Depuis 2008, la configuration de l’opposition est autre. Elle est faite de personnes qui n’ont pas nécessairement faim et qui sont capables de supporter la fin de privilèges qui étaient les leurs. Et il y a, semble-t-il, une volonté d’alternance chez ceux-là qui ont fait le régime actuel et qui estiment peut-être que la volonté du peuple est plus forte que leurs intérêts personnels. Il y a donc une renaissance, depuis 2009, de l’opposition politique au Gabon.
En regardant l’histoire de l’échiquier politique gabonais sur le temps, on pourrait penser que la cloison entre pouvoir et opposition est moins manichéenne que ce que ne laissent deviner les apparences. Qu’en est-il vraiment ?
Si nous revenons sur les trois périodes que nous avons évoquées précédemment, à savoir l’avant, le pendant et l’après du parti unique, les relations entre le pouvoir et l’opposition changent considérablement. Avant le parti unique, le pouvoir incarné par Léon Mba (issu du Bloc Démocratique Gabonais) s’est radicalisé très vite. Après le coup d’Etat Institutionnel de novembre 1960, Léon Mba a tenté de réunir autour de sa seule personne les forces vives de la vie politique. L’objectif était d’éliminer politiquement ses adversaires politiques les uns après les autres. Le premier était Paul Gondjout (d’ailleurs le patron du BDG). Le gouvernement de l’Union Nationale avait permis à Léon Mba de «catalyser» Jean-Hilaire Aubame, René Paul Sousatte (ancien lieutenant d’Aubame et fondateur du PUNGA) et d’autres ténors comme François Meye ou Eugène Amogho. Après les avoir «usés», il les sort du gouvernement et décide de ne plus discuter ni négocier, ayant en tête d’éliminer Aubame comme il l’avait déjà fait avec Gondjout. Il faut rappeler que Léon Mba et Jean-Hilaire Aubame avaient des liens forts. Le second avait été élevé par l’abbé Jean-Urbain Obame (premier prêtre fang, mort en 1934 pendant l’exil en Oubangui Chari de Léon Mba), frère aîné du président. Léon Mba estimait donc que Jean-Hilaire Aubame lui devait le respect dû à un père, et dans la tradition fang, c’est le père qui commande.

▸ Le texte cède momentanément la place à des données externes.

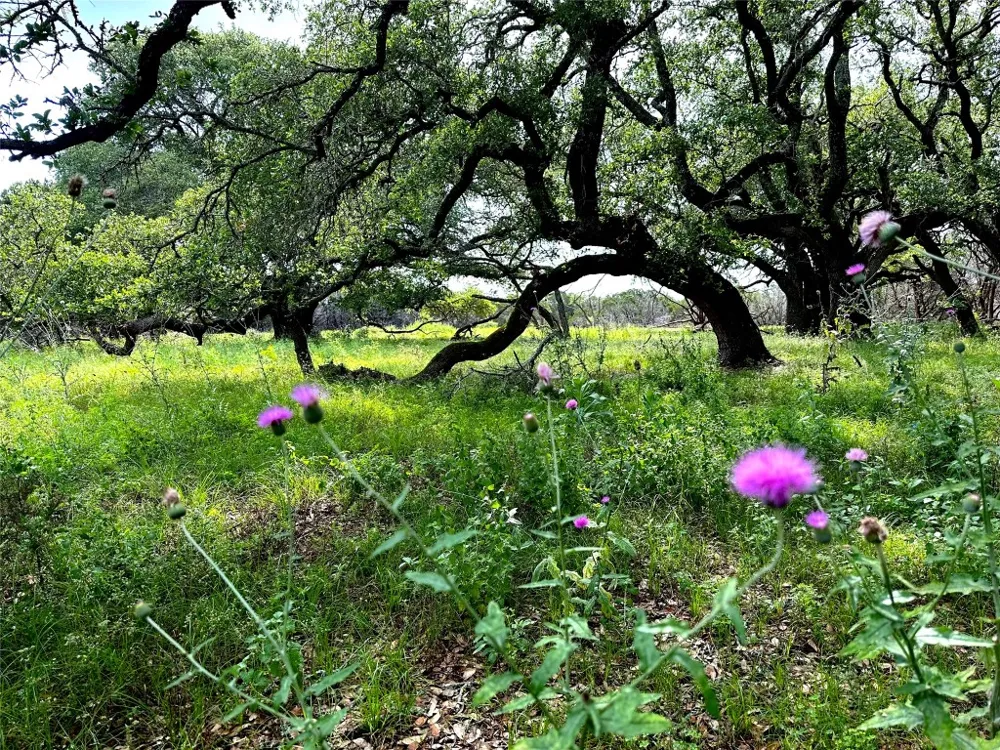 285 Donnie Drive Lampasas, TX 76550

Après le coup d’Etat de 1964, Léon Mba réussit à se débarrasser de Jean-Hilaire Aubame grâce à un procès des «putschistes» devant une cour dirigée par Léon Augé et qui comprenait entre autres André Mintsa, Polycarpe Joumas et Aristide Issembé. Léon Mba avait déjà évoqué l’idée d’un parti unique. Il estimait que le Gabon «naissant» n’avait pas besoin de plusieurs têtes sinon il ne progresserait pas. L’idée a été mise à nue et rejetée par Aubame et Sousatte en 1963. C’est donc ce rêve qu’Albert Bernard Bongo a réalisé en 1968.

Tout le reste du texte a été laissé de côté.